━━━━━ SOURCE MATERIAL ━━━━━
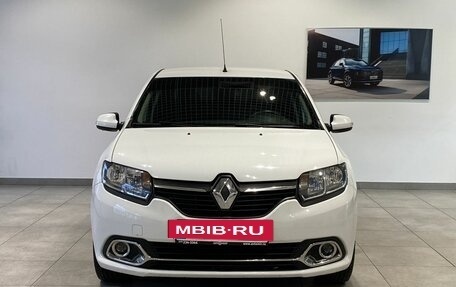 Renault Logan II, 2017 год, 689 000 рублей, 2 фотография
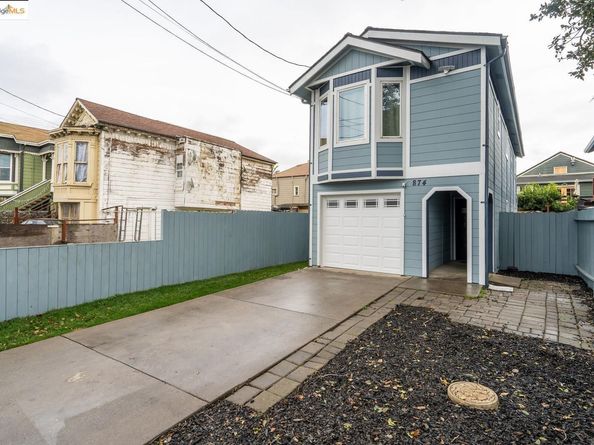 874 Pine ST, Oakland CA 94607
━━━━━
━━━━━ SOURCE MATERIAL ━━━━━
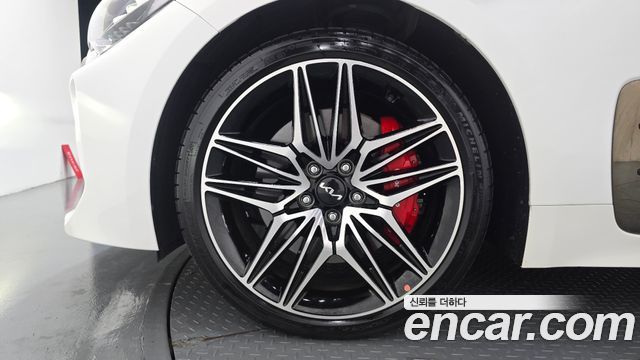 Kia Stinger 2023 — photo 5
━━━━━
> **TASK DETAILS**
Copy out the lines above from the line containing "Renault Logan II, 2017" through the line containing "874 Pine ST, Oakland CA 94607", exactly, and keep the pictures out.

> **SOLUTION**
 Renault Logan II, 2017 год, 689 000 рублей, 2 фотография
 874 Pine ST, Oakland CA 94607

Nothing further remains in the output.